Saturday 18 November 2017

Noonan says 'modest' €2bn package is just first step in tackling crisis

Michael Noonan arriving at Government Buildings yesterday. Photo: Tom Burke
Michael Noonan arriving at Government Buildings yesterday. Photo: Tom Burke

Michael Brennan Deputy Political Editor

FINANCE Minister Michael Noonan declared yesterday that his "modest" jobs package was the first step toward getting the unemployed back to work.

He avoided making any direct promise of how many jobs it would create -- as the opposition heckled, "Where are the jobs?".

The total cost of the plan will be €393m this year and €2bn over four years, but Mr Noonan warned the resources were not available to introduce large-scale projects because everything had to be "Budget neutral".

"That in turn means the effect of the package of initiatives will be modest and there will be no extravagant claims made in that regard," he said.

Mr Noonan announced a list of measures to reverse the decline in tourist numbers, including slashing the lower VAT rate from 13.5pc to 9pc for restaurant meals, hotel stays and even sports match tickets.

"Even by recovering the ground it has lost in recent years, tourism can make a substantial contribution to our economic recovery and to the creation of employment in all parts of the country," he said.

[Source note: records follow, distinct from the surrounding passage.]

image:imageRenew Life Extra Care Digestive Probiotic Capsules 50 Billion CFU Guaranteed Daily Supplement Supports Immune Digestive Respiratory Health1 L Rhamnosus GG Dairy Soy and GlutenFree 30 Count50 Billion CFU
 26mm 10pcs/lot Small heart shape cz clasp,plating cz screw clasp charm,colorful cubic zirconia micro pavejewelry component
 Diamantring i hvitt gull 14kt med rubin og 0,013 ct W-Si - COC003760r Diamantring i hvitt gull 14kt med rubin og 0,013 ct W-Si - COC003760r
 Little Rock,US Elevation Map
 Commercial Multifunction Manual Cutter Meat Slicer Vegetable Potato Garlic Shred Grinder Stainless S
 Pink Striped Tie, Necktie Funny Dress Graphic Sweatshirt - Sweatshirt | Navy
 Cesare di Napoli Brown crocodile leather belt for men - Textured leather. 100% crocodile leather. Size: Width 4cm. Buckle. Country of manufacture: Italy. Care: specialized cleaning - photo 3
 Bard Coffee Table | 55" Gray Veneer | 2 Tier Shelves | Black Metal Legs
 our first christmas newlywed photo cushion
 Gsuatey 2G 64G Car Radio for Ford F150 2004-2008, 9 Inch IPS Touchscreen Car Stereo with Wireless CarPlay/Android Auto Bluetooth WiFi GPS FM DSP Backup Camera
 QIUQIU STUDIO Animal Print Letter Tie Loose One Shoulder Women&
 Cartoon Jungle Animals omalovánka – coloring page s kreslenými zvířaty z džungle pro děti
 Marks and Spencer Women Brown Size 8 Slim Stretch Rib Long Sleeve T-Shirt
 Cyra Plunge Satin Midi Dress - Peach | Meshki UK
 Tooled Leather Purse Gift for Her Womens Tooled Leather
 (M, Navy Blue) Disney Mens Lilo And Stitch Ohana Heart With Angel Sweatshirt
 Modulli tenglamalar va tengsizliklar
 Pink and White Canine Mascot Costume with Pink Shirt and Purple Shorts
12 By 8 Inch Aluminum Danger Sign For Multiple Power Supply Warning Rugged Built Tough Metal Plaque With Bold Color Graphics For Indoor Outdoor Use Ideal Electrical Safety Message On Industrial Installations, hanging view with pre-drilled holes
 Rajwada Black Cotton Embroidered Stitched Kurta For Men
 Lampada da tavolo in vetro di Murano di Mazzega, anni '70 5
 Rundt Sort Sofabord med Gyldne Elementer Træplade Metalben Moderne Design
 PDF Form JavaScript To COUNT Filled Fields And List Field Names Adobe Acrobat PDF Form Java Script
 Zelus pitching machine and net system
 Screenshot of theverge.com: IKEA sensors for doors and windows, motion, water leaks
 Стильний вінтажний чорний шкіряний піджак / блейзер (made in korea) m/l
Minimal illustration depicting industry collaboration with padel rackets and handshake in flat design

Fine Gael and Labour had both promised during the election campaign to reverse the cut in the minimum wage.

Mr Noonan confirmed this would take place in July. He also delivered on another election promise by halving the lower rate of PRSI for employers on jobs that pay up to €356 per week.

But he signalled there could be reductions in pay for the 300,000 workers covered by joint labour committee agreements -- which was a commitment under the IMF-EU deal.

Training

Mr Noonan also focused on the area of training and work experience as another way of helping the 430,000 people out of work.

He said there would be an extra 20,900 places made available this year in skills training courses, the Back to Education scheme and a work placement scheme for graduates.

"We must avoid, at all costs, the risk that people who are long-term unemployed will find it difficult to secure meaningful employment again," he said.

Mr Noonan announced that he was going to "tilt the balance" away from large building projects to "minor" capital works such as local road repairs and small school-building projects.

"These schemes will have a real local impact both in the provision of direct employment and enhancing the quality of local infrastructure," he said.

Mr Noonan said the economy had seen three successive years of declining economic activity.

"But this year, we can look forward to growth which we fully expect will accelerate as we move into 2012," he said.